Meanwhile, the United States would likely have been in a far weaker position in 1945 without World War II. Wartime mobilization doubled America’s GDP, and when Germany and Japan surrendered, the U.S. possessed half the planet’s industrial capacity. The G.I. Bill, one of the largest investments in human capital in history, and the Interstate Highway System, the largest infrastructure investment in U.S. history, are a direct result of American participation in the war. The America we know today would be scarcely recognizable without them.
Perhaps most crucially, Hitler’s rise forced many of Europe’s top physicists, chemists, mathematicians, and other scientists to seek refuge in the United States. Among them were some of the most famous names in modern scientific history, including Albert Einstein, Niels Bohr, Enrico Fermi, Leo Szilard, and more. Fearing Hitler’s ambitions and armed with the knowledge that Germany had its own nuclear program underway, Einstein and Szilard persuaded Franklin D. Roosevelt in 1939 to launch what would become the Manhattan Project. Bohr, Fermi, Szilard, and dozens of other European scientists subsequently participated in it to develop the world’s first nuclear bombs.
What if that intellectual power had remained in Europe? What if Fermi had created the first artificial nuclear reactor in Mussolini's Italy instead of beneath the University of Chicago’s football stands? What if, during some moment of international tension, Einstein wrote to the leader of Germany and warned him about a nuclear-weapons program in the Soviet Union or the British Empire? What if atomic bombs had been first deployed not to end a war, but to begin one?
These questions should inspire two feelings. The first is humility. We can never know what a universe without Hitler would have looked like. But the implicit argument that his removal would improve history must also consider that his removal could make it worse. Indeed, recent experience should make us doubt our abilities to bend the course of human events towards our will. The Bush administration naively claimed that toppling Saddam Hussein in 2003 would produce a vibrant liberal democracy in the largely illiberal Middle East. Instead it brought about regional instability, ethnic cleansing, civil war, and ISIS.

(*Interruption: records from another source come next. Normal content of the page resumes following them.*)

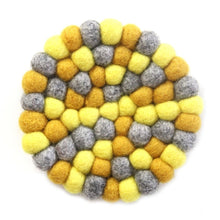 Load image into Gallery viewer, Hand Crafted Felt Ball Trivets from Nepal: Round Chakra, Yellows - Global Groove (T)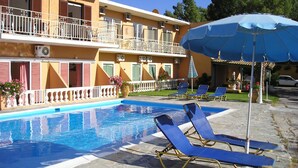 A pool area with lounge chairs and an umbrella, surrounded by a building with balconies and air conditioning units. - River Studios & Apartments (Corfu)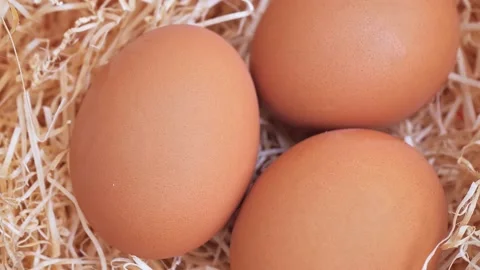 Close up of three spinning eggs on hay Video stock 228993969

The second is relief. We live in cynical times, which masks the fact that we live in extraordinary times. Atrocities still occur, but human rights are now a normative value throughout most of the world, even if their enforcement is imperfect. Conflicts are still fought, but the great powers have avoided another world war for seven decades. Racism and anti-Semitism still exist, but pre-war forms of colonialism and pogroms have largely disappeared. This is not the future for which Nazi Germany fought and fell. Removing Hitler from history would gamble with one irrefutable truth: He lost.